4. Application-oriented data mining in new data sources
Some databases for new applications, such as spatial databases, temporal databases, engineering databases, and multimedia databases, have been fully developed. These new applications need to process and analyze spatial data, temporal data, engineering design data, and multimedia data. These applications require efficient data structures and available methods for processing complex structures, long variable records, semi-structured or unstructured data. For example, a satellite image may represent data in the form of a grating, while a city map data may be in the form of a vector. These grating or vector data also contain a wealth of knowledge and their mining technology has its own characteristics. Through a satellite image for climate analysis, we may need to know the correlation between altitude and climate. Through a city map, we may be eager to know the relationship between high-income families and their locations. Temporal Databases always contain temporal attributes, which are sensitive to time changes. For example, the stock data records the time-varying data sequence, through which we can mine the data development trend and help us develop the right investment strategy. Knowledge Discovery on these datasets or databases provides a wealth of Research and Development soil for data mining.

V. Data Mining in Web Data sources
Web-oriented data mining is much more complex than data mining for databases and data warehouses, because Web data is complex. Some are unstructured (such as web pages), and long sentences or phrases are usually used to express document information. Some may be semi-structured (such as email or HTML pages ). Of course, some have good structures (such as workbooks ). Discovering the General descriptive features of these composite objects becomes an unshirkable responsibility for data mining.
Web mining must face the following key issues.
(1) heterogeneous data source environment
The information on a web site is a larger and more complex data body. If we regard each site information on the Web as a data source, these data sources are heterogeneous because the information and organization of each site are different. To use such massive data for data mining, you must first study the integration of heterogeneous data between sites.

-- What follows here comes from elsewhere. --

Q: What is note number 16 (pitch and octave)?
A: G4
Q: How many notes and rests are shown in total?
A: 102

Only by integrating the data of these sites into a unified view can you obtain what you need. Second, we need to solve the problem of data query on the web, because if the required data cannot be obtained effectively, it is impossible to analyze, integrate, and process the data.

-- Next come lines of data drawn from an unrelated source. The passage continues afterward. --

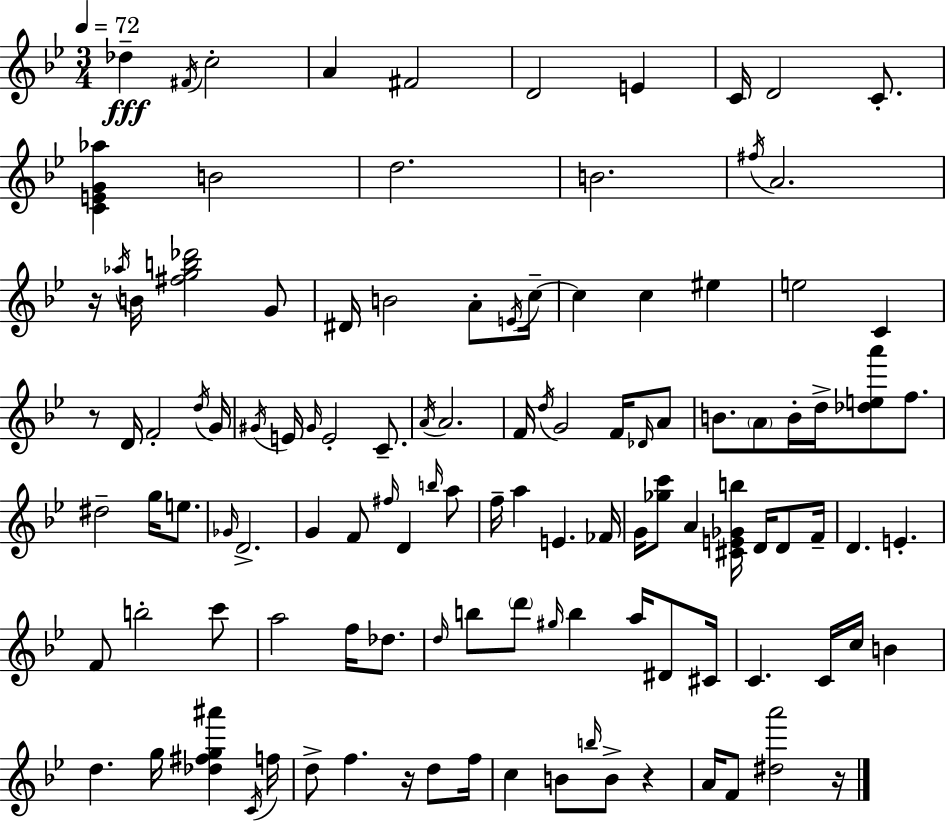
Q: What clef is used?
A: treble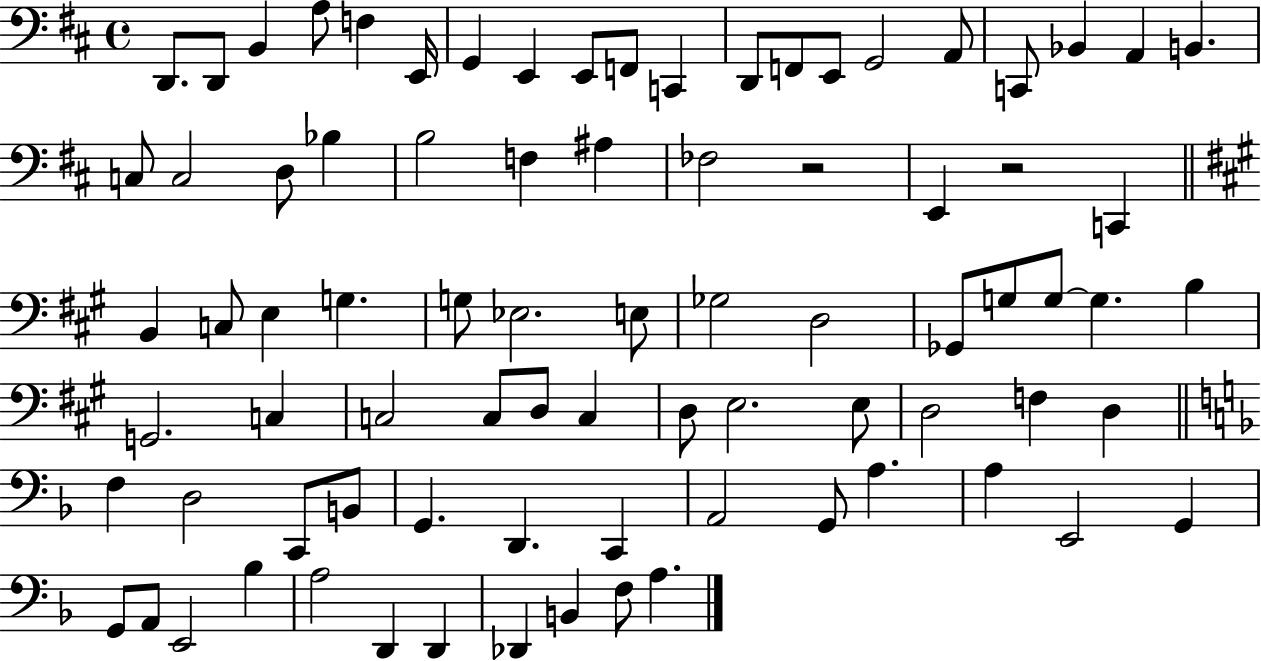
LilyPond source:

{
  \clef bass
  \time 4/4
  \defaultTimeSignature
  \key d \major
  d,8. d,8 b,4 a8 f4 e,16 | g,4 e,4 e,8 f,8 c,4 | d,8 f,8 e,8 g,2 a,8 | c,8 bes,4 a,4 b,4. | \break c8 c2 d8 bes4 | b2 f4 ais4 | fes2 r2 | e,4 r2 c,4 | \break \bar "||" \break \key a \major b,4 c8 e4 g4. | g8 ees2. e8 | ges2 d2 | ges,8 g8 g8~~ g4. b4 | \break g,2. c4 | c2 c8 d8 c4 | d8 e2. e8 | d2 f4 d4 | \break \bar "||" \break \key f \major f4 d2 c,8 b,8 | g,4. d,4. c,4 | a,2 g,8 a4. | a4 e,2 g,4 | \break g,8 a,8 e,2 bes4 | a2 d,4 d,4 | des,4 b,4 f8 a4. | \bar "|."
}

(2) semi-structured data structure
The data on the Web is different from the data in traditional databases. The data on the Web is more semi-structured. Web-oriented data mining must be based on the semi-structured model and semi-structured data model extraction technology. Looking for a semi-structured data model is the key to solving the problem. In addition to defining a semi-structured data model, a semi-structured model extraction technology is also required. We know that each site's data is independently designed, and the data itself has self-reporting and dynamic variability. Therefore, web-oriented data mining is a complex technology. XML (Extensible Markup Language) is a meta-markup language designed by the W3C to provide a format for describing structured data. The scalability and flexibility of XML allows XML to describe data in different types of application software, so as to describe the data records in the collected web pages. Because XML-based data is self-describing, data can be exchanged and processed without internal descriptions. Therefore, XML can easily combine data from different sources, making searching for heterogeneous data possible, and bringing hope to solve the difficulties of Web data mining.

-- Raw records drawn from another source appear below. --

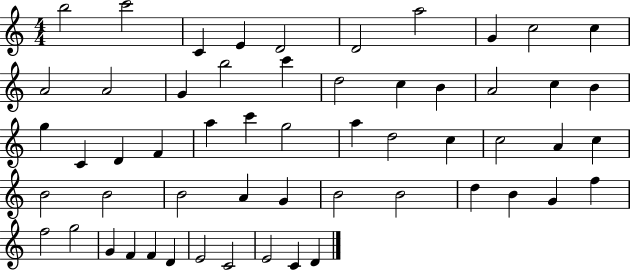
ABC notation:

X:1
T:Untitled
M:4/4
L:1/4
K:C
b2 c'2 C E D2 D2 a2 G c2 c A2 A2 G b2 c' d2 c B A2 c B g C D F a c' g2 a d2 c c2 A c B2 B2 B2 A G B2 B2 d B G f f2 g2 G F F D E2 C2 E2 C D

(3) dynamically changing application environment
First, the Web information changes frequently, and information such as news and stock information is updated in real time. This high change is also reflected in Dynamic Links and Random Access to pages. Second, users on the web are unpredictable. Users have different knowledge backgrounds, interests, and access purposes. Finally, the data environment on the Web is highly noisy. Research shows that only 1% of the data on a web site may be related to a specific mining topic. These variables are also a must for Web data mining.

References:

Han J et al. Data Mining: concepts and techniques. Morgan Kaufmann Publishers, 2001.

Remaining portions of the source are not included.